Così, ad esempio, i mere conduit providers che non hanno dato origine al flusso di dati e non hanno scelto il destinatario, né intervengono sulle informazioni trasportate, non sono passibili di sanzioni, rispetto al contenuto trasmesso.

 
I caching providers, invece, non sono responsabili se: (a) non intervengono sulle informazioni trasmesse, (b) si sono adeguati alle regole di accesso e di aggiornamento di quest’ultime, (c) non hanno influenzato la tecnologia lecitamente utilizzata per raccogliere dati sull’uso delle informazioni e (d) hanno agito celermente per rimuovere o disabilitare l’accesso alle informazioni che erano già state rimosse dalla rete o il cui accesso era già stato disabilitato.


Infine, i prestatori di servizi di hosting sono tenuti ad implementare procedure che consentano agli utenti di segnalare in modo semplice eventuali contenuti illegali, al fine di procedere alla cancellazione di questi; gli stessi utenti potranno segnalare materiale illecito o inappropriato o presentare reclami per difendersi dalle decisioni di rimozione dei contenuti.
Gli hosting providers non sono ritenuti responsabili rispetto alle informazioni che transitano sulle loro piattaforme purchè:
(i) adempiano agli obblighi imposti dal regolamento stesso in materia di pubblicità e trasparenza nonché (ii) adempiano agli obblighi inerenti alla tracciabilità degli operatori commerciali, nel caso in cui la piattaforma fornisca aree per la sponsorizzazione o la conclusione di contratti di e-commerce con i consumatori.

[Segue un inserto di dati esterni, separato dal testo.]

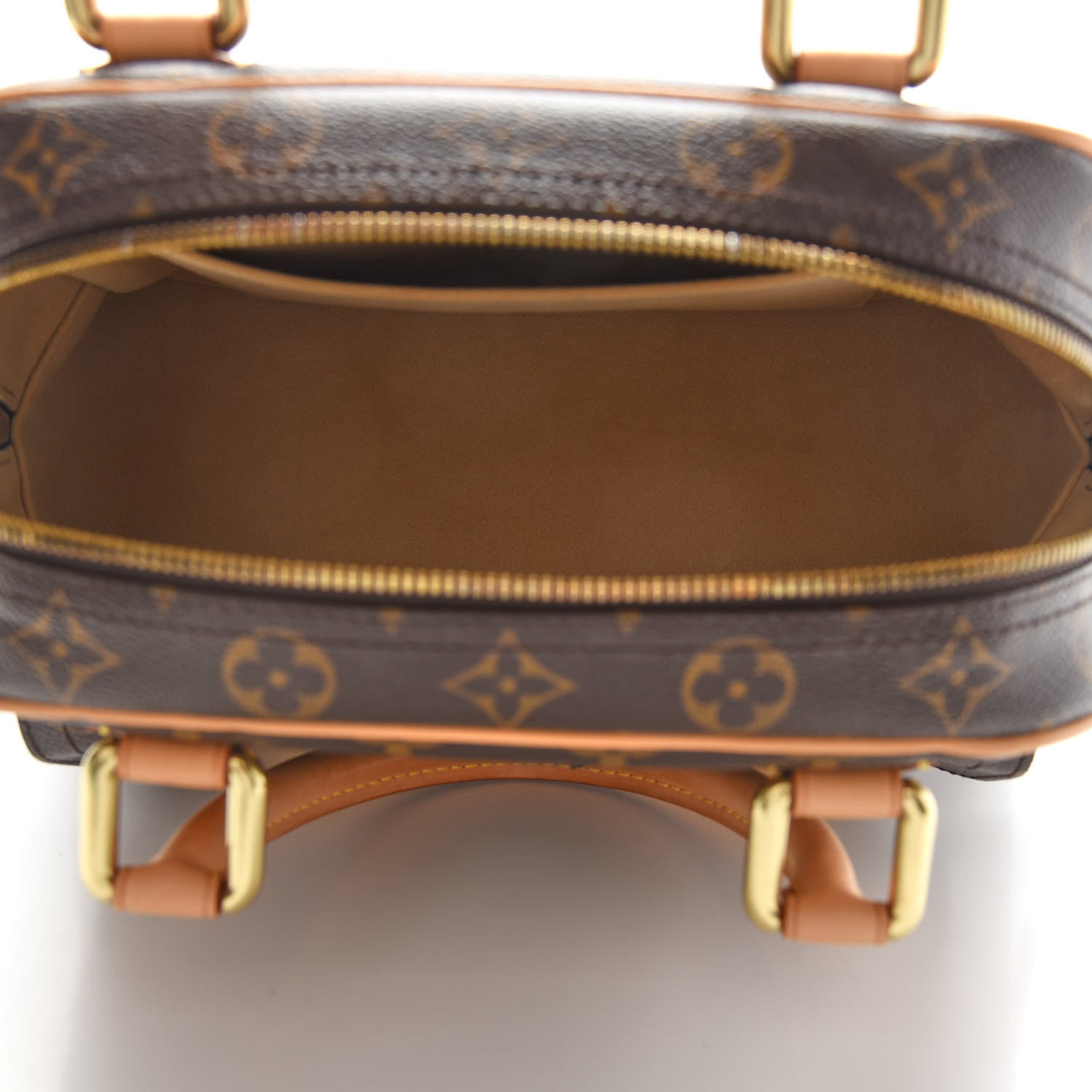 Louis Vuitton Monogram Manhattan PM 5 of 8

Le piattaforme invece sono suddivise in quattro categorie e in capo ad esse sono previsti specifici obblighi, come quello di indicare in modo chiaro le condizioni di servizio; essere trasparenti nel caso di utilizzo di pubblicità mirata; denunciare gli illeciti; non utilizzare sistemi ingannevoli o subdoli, quali dark patterns; prevedee risoluzioni stragiudiziali delle controversie.

Il Regolamento individua alresì un nuovo obbligo in capo a tutte le piattaforme che contano 45 milioni di utenti attivi, stabilendo che le stesse debbano procedere con un risk assessment per verificare:

  • che non siano diffusi contenuti illegali tramite i loro servizi;
  • gli impatti negativi sui diritti fondamentali degli utenti;
  • pubblicità ingannevole, disinformazione, fake news,

e procedere, in seguito alla verifica, a mitigare con adeguate misure i rischi rilevati, effettuando periodicamente attività di internal auditing.

I nuovi ruoli

Il Digital Service Act prevede, inoltre, due nuove figure.

Il Coordinatore dei servizi digitali del luogo di stabilimento. Ciascuno Stato membro dovrà nominare tale soggetto che, agirà come autorità indipendente con il compito di assicurare la corretta applicazione a livello nazionale delle nuove regole.

Il Compliance Officer. Si tratta di una figura interna all'azienda che dovrà controllare il rispetto delle regole attraverso attività di monitoraggio.


E’ previsto un sistema sanzionatorio rilevante a carico di chi viola le norme. Le multe arrivano al 6% del fatturato mondiale annuo.